There is good reason to think that this is not historical reporting of a real event, at least not as reported here. The focus of the story on the role of Jesus in relationship to the Gentiles is relevant to a big battle in the early church after the death of Jesus. The followers of Jesus in Jerusalem, first led by Peter and then by James the brother of Jesus, opposed Paul and others who were transforming Christianity for a Gentile audience and then providing support for Gentile congregations. Efforts to see this story in such a context are interesting because you can read the story in a couple of different ways as it relates to the post-Jesus ecclesiological fight.

You can also read this story as another healing story, where faith and persistence in seeking health is rewarded. Such a story might well be an original story on which this ecclesiological fight was hung.

You can read it as a simple story of a woman’s faith, or as a story of her courage in approaching a leader of a group she did not belong to, as a story of her caring for her child enough to take a risk, or perhaps as a story of desperation because she felt she had nothing to lose.

You can read this as a triumphalist story of the early church where the whole world is coming to recognize the reputation and importance of Jesus, but I would assess such a reading as, at best, a miserable mistake of the disciples.

I rather like this as a story of a foreign woman teaching Jesus a lesson in humility. It is one of those moments when the grandiose mythologizing of the gospels is punctured.

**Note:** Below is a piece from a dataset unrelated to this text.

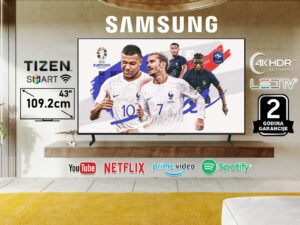 https://megacentar.ba/wp-content/uploads/2025/05/LCD-LED-TV-SAMSUNG-SMART-1092CM-AKCIJA-DO-10.05.2025.-54900-KM-300x225.jpg
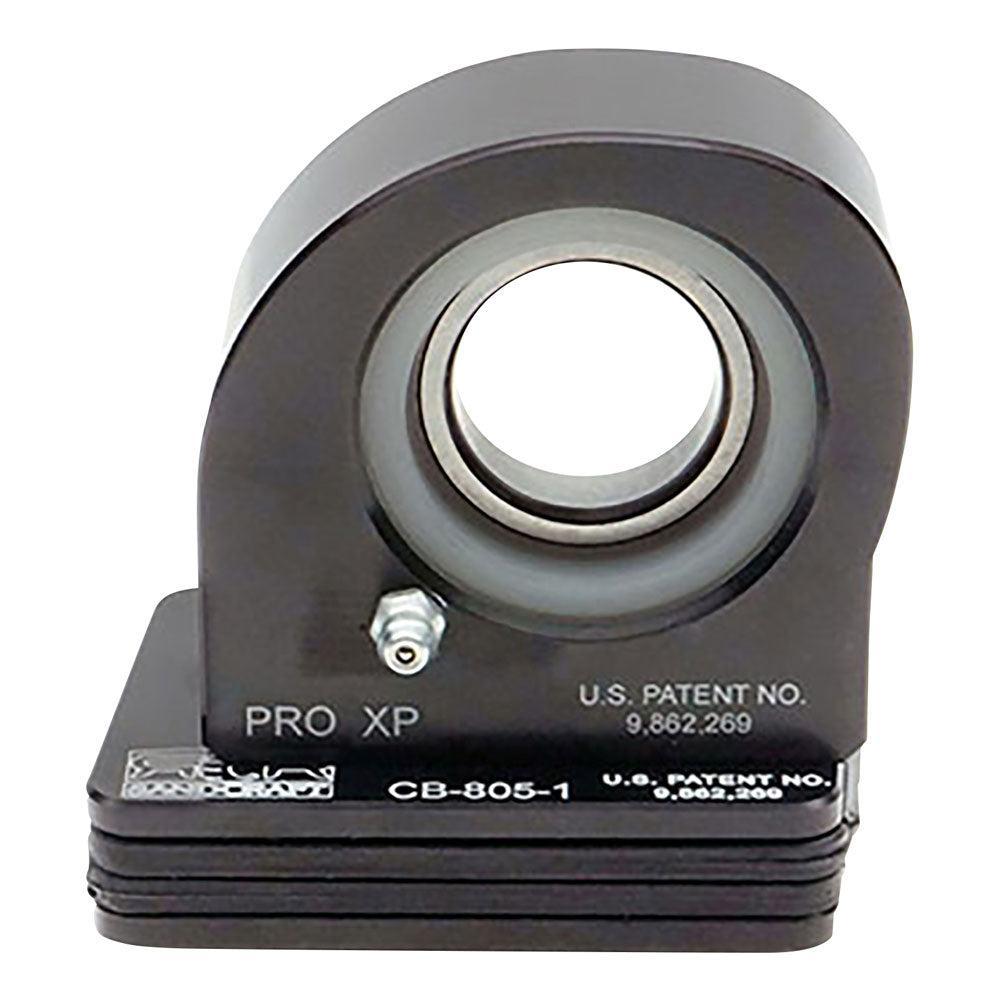 Sandcraft Motorsports Gen-3 Carrier Bearing Assembly - 2024 POLARIS RZR Pro XP 4 Sport-Carrier Bearing-Sandcraft-Black Market UTV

Here is a parable to tell you what I think is most saving about this story. “The Empire of God is like a lay woman who preached a sermon in a fine established church. She was one of the least prestigious people in the church and she only got to preach because it was Laity Sunday and no one else volunteered. Many of the people in the church did not like her sermon and they got up and walked out on her. The next Sunday none of those who had walked out were allowed to enter the church until they apologized to her and many went away and did not come back.

[Pause]

Jesus is my savior; Jesus is our savior because he can help us look at things we want to avoid. He can help us to go for the deeper truths, the deeper healings, the deeper community. He can help us to go for the solidarity with others that is deeper and richer than justice is but has no hope without a radical commitment to justice, and to what Seekers call the “underbelly” questions that lead to a community that is more than friendship and good will.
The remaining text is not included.